That said, I agree that market collapses do offer opportunity, but we need to be smart about them and keep ourselves within our overall investment strategy. We can’t wake up one morning and decide we’ll become a derivative trader by the afternoon. If we try it out by the evening, we’ll be broke, having lost our money in record time.

Personally, I got the first three collapses completely wrong and made every mistake in the book. I’d panic and sell. I’d buy but get scared at the share price’s next leg down, exiting the positions. After the dotcom collapse it took me forever to work up the courage to buy again.

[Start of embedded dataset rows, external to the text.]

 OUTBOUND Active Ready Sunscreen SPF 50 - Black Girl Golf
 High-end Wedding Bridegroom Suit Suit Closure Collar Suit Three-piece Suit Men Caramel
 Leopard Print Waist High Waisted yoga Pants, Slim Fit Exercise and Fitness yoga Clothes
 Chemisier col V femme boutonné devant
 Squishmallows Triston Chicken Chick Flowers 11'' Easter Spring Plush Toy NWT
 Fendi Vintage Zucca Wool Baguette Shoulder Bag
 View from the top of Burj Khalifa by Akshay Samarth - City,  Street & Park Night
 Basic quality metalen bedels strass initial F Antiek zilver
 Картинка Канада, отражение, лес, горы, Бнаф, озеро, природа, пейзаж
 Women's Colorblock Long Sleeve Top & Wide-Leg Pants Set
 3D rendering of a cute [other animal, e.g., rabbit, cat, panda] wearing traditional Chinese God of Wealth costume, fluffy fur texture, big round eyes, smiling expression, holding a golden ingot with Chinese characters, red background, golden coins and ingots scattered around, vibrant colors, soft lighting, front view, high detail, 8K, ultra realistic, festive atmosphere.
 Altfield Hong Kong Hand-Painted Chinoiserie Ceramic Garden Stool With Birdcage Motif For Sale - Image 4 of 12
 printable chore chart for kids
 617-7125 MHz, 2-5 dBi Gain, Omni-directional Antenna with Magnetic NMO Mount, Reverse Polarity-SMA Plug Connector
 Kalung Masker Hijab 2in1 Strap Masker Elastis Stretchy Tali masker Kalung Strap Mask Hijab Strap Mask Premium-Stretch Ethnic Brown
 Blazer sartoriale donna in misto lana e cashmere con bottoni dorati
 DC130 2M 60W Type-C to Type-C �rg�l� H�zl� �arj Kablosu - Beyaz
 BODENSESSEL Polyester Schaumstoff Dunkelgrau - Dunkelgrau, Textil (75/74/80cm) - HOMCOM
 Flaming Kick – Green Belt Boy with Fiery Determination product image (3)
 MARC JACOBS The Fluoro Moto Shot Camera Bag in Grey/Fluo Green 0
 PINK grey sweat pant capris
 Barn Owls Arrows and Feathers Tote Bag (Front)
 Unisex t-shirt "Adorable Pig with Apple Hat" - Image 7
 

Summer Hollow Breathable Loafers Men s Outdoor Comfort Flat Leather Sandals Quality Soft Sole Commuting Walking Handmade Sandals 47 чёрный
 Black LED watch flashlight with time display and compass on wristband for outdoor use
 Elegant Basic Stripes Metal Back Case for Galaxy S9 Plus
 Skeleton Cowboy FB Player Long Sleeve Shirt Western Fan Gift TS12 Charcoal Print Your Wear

Finally, in the 2008-2009 collapse I managed a decent job with my investments buying equity and ETFs in blocks every three months from September 2008 to March 2009 and holding on to them. This made me realise I needed a proper “collapse strategy” that would sit ready and waiting for the next collapse, and it’s been a long wait – but investing is about patience.

So now my strategy is simple. When the market moves down by more than 20%, I double my monthly purchase of ETFs: I’ll keep buying the same ETF I do every month, but just spending twice as much. Because markets are cheaper and are offering what I’d call a sale, I get more bang for my buck. I keep these double-sized purchases going until the market makes new highs once more, which will likely be in a couple of years.

There is of course the risk that I run out of money to make the double purchases, but I always have an overly chunky emergency fund that I can take a limited amount of cash out of. I can also just simply eat out less.

On the equity side I’m a lot more circumspect. We’re going to see a lot of bankruptcies and, while I have an idea which stocks are at risk, there will be some left-field companies going bust that I would never have expected. 

So here I am waiting for at least six months before I’ll start looking at new stocks to add to my portfolio. This gives me time to check some results to gauge the true impact of the crisis on a company. It also means I am not buying stocks at the bottom, but that’s fine. 

FOMO has lost investors more money than it has made them, and I prefer the better risk-reward ratio that comes from waiting.